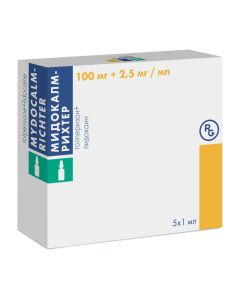 Tolperisone, lidocaine - Midokalm-Richter solution for iv and iv injected 100 mg / ml + 2.5 mg / ml 1 ml ampoules 5 pcs. texas Pharmacy Online - texas.buy-pharm.com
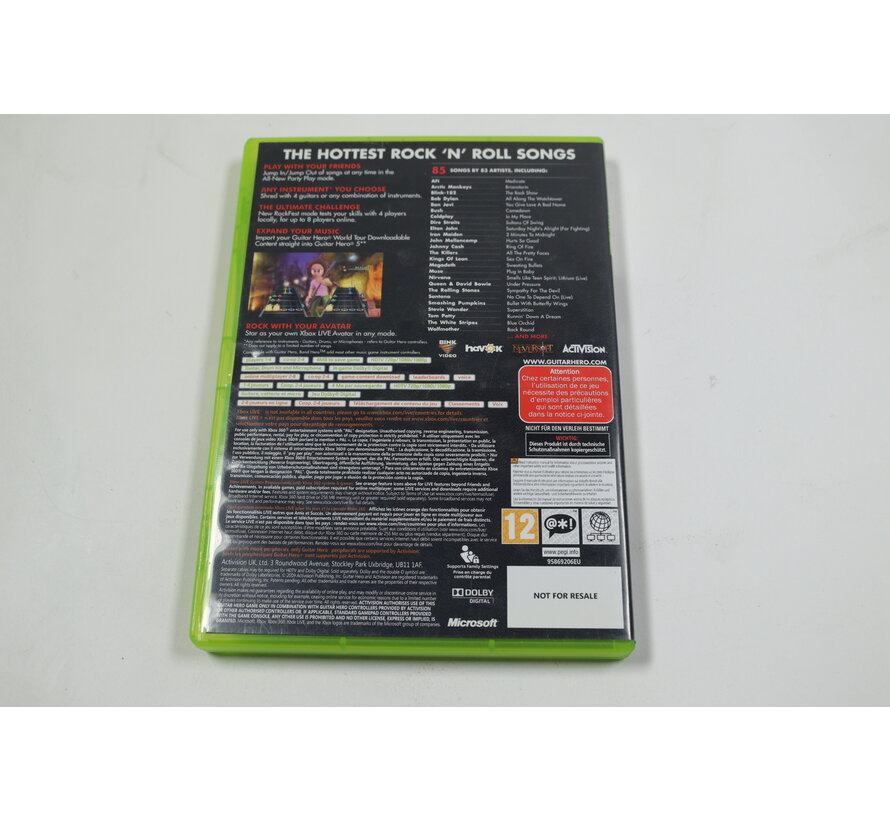 Xbox 360 - Guitar Hero 5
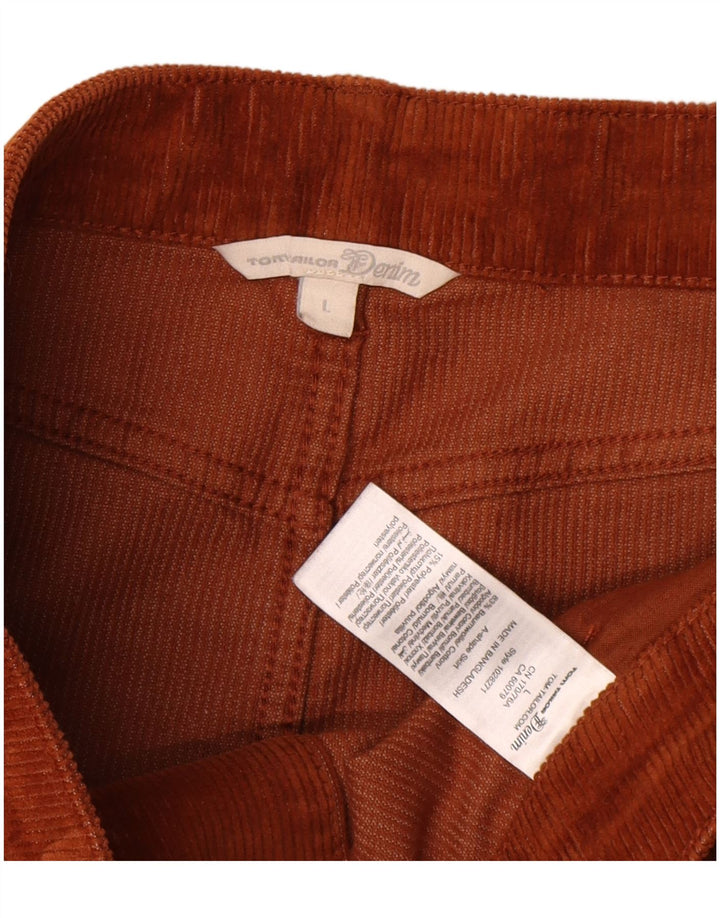 Fusta de velur pentru femei Tom Tailor, mare W32, bumbac maro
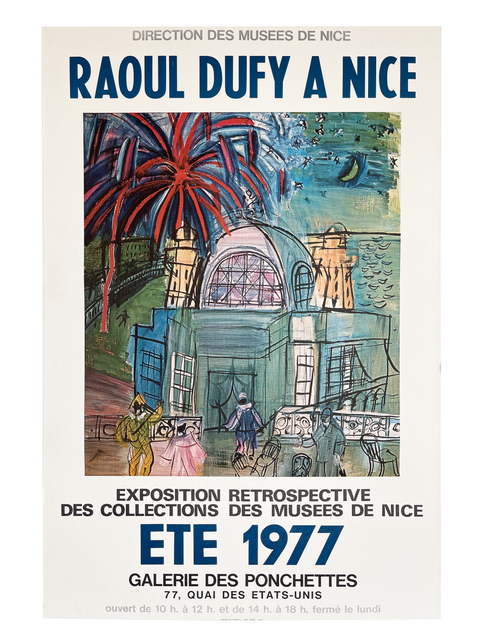 Original Poster Raoul Dufy - Galerie Ponchettes, 1977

+ + + + + + +

# WORK ITEM
From the line containing "Xbox 360 - Guitar Hero 5" down to the final line of the material, restate every line word for word, and only those; drop the pictures.

# ANSWER TO THIS PROBLEM
 Xbox 360 - Guitar Hero 5
 Fusta de velur pentru femei Tom Tailor, mare W32, bumbac maro
 Original Poster Raoul Dufy - Galerie Ponchettes, 1977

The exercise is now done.